AN important Norwegian fish farming area has been forced to slaughter at least 170,000 fish following fears of a major salmon disease outbreak.
The Norwegian Food Safety Authority (FSA) has warned that ISA could be beginning to spread around the community of Nebbo in Hardangerfjord, near Bergen.
Fish farmers said they discovered what looked to be the symptoms of ISA on May 11 and immediately reported their findings to the FSA.
They also ordered the slaughter to begin as soon as the symptoms were confirmed. ISA is a flu type virus which can hit any salmon farm, but it does not affect humans. However, it can spread quickly among the fish.
Erlend Haugarvoll, general manager of Linga Laks AS, one of two breeders affected, told the newspaper Bergens Tidende: ‘This (discovery) means we are likely to lose between three and four per cent of our fish.

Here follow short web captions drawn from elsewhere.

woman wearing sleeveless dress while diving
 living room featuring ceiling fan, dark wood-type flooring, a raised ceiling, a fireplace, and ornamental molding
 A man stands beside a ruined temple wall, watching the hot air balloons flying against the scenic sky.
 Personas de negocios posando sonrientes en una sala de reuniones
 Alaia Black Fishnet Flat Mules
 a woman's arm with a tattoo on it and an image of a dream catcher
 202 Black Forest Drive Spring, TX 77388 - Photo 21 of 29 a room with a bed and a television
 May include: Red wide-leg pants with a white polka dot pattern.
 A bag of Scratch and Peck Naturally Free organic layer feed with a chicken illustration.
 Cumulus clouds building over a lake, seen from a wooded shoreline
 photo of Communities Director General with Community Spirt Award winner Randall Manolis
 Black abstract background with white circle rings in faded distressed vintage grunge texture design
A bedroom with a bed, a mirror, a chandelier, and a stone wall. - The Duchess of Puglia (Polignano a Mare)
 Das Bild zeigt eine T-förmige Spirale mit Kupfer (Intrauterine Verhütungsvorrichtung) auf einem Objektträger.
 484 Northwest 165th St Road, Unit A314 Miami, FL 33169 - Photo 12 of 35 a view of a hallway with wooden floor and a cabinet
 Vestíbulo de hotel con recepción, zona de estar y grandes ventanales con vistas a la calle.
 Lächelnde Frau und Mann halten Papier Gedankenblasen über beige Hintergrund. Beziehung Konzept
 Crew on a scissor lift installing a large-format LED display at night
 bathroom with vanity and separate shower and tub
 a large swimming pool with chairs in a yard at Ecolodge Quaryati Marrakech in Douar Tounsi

‘It is sad, but luckily this happens quite rarely. It is about 20 years since we encountered a similar experience.’
Meanwhile, the FSA said in a press release that it has now isolated the site and was in the process of planning further measures to control the outbreak.
The FSA has recently introduced tougher rules for dealing with such incidents. These include setting up a control area of up to 20km to limit the spread.
Samples have been sent to the FSA laboratories for further analysis. The Norwegian authorities are determined to avoid what happened in Chile a few years ago when ISA almost took the country’s aquaculture industry to the brink of collapse.
An ISA outbreak was also confirmed in the Faroe Islands earlier this year.